This unique convention requires its States Parties to take resolute action in favour of regional or minority languages as part of Europe’s cultural heritage. The Charter’s aim is to guide domestic legislation, policies and practices relating to languages in schools, courts, police, public administration, health care facilities, media, sport and cultural events. Cross-border and multilateral co-operation between States Parties and minority language speakers as promoted by the Charter advances mutual understanding and tolerance in Europe.

By imposing protective and promotional obligations on state authorities, the Charter complements the rights of minority language speakers arising from relevant national regulations. But even more importantly, it aims at creating conditions for the use of minority languages outside home. In this way, a minority language can be present in public life, it can be learnt and become a relevant communication tool for new generations. As a result, multilingualism, which is considered such an important asset these days both individually and socially, is fostered at the pan-European level.

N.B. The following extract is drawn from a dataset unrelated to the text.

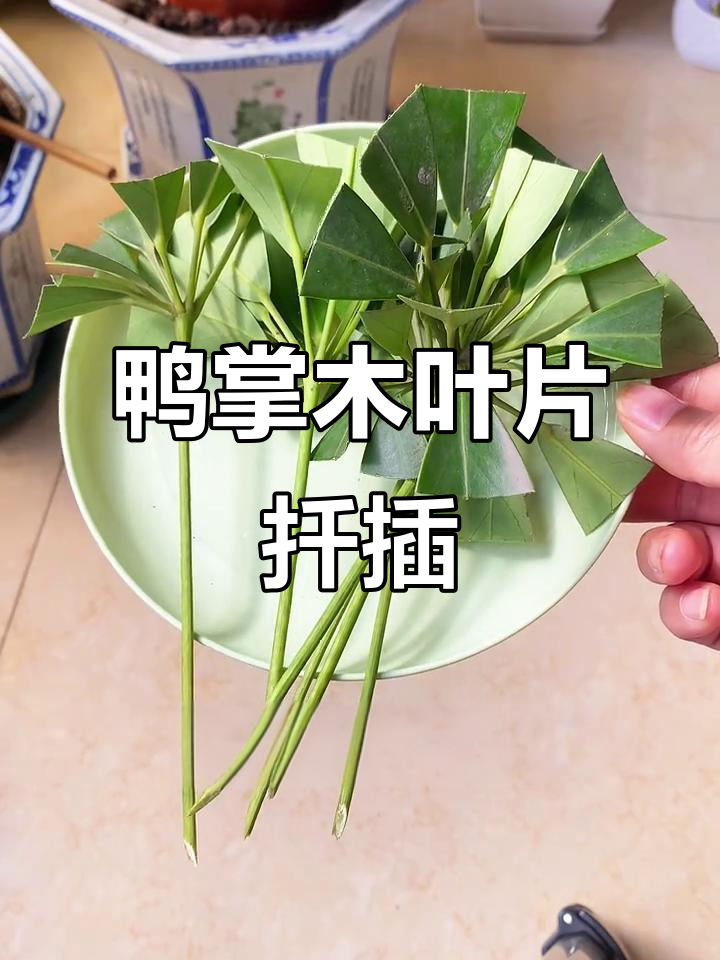 鸭掌木叶片扦插技巧,轻松学会室内盆栽种植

The preservation of Europe's linguistic heritage requires political will and the determination of many public and private stakeholders. Through its monitoring process, carried out in collaboration with the competent authorities and the speakers, the Committee of Experts encourages the introduction of policies conducive to the teaching and daily use of regional or minority languages. To this end, every five years, it reviews the commitments taken by States Parties and every two and a half years, assesses whether its recommendations for immediate action are duly followed up. 

In accordance with its own rules of procedure, adapted as part of the reform of the Charter monitoring mechanism in force since July 2019, the independent experts from the Committee support the use of regional and minority languages facing profound cultural and societal changes in the digital era. 

We wish regional or minority languages to be viewed not only as valuable European heritage but also as invaluable part of multilingualism so advantageous for people and much-needed in contemporary society.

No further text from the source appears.